Tsunami data assimilation has been proposed for tsunami forecast. It estimates the tsunami waveforms by assimilating offshore observed data into a numerical simulation, without the need of calculating initial sea surface height at the source (Maeda et al., 2015). The Optimum Interpolation method is adopted in data assimilation. It has been successfully applied to Seafloor observation network for earthquakes and tsunamis along the Japan Trench (Maeda et al., 2015), and the Cascadia Initiative in North America (Gusman et al., 2016). However, this approach depends on dense observation network. Whereas this is not available in some regions under the threat of tsunamis.

Here, we propose a modified approach of tsunami data assimilation, which can be applied to regions with relatively sparse tsunami observations. The method consists of a two-step interpolation. The first step is a linear interpolation. We set the points of virtual stations between two existing observation stations. Then, the arrival time and the tsunami height of virtual waveforms are linearly interpolated from the real waveforms of two observations. The second step is the Optimum Interpolation during the data assimilation process. We employ the method to both the real observations and virtual stations, in order to construct a complete wavefront of tsunami propagation.

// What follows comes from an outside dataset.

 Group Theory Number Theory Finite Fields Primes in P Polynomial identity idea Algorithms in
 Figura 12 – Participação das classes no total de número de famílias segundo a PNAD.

We apply our approach to a hypothetical earthquake off the west coast of Sumatra Island similar to the 2004 Sumatra-Andaman Earthquake. In the Bay of Bengal, currently there are only 6 (5 maintained by India, 1 by Thailand) observations available. Based on our approach, we add virtual stations to build a dense hypothetical network, and forecast the tsunami in India, Sri Lanka, the Maldives by data assimilation. The result shows that the method is able to provide a reliable tsunami forecasting for these countries, and the tsunami early warning can be issued within half an hour before the tsunami arrival to reduce the damage along the coast.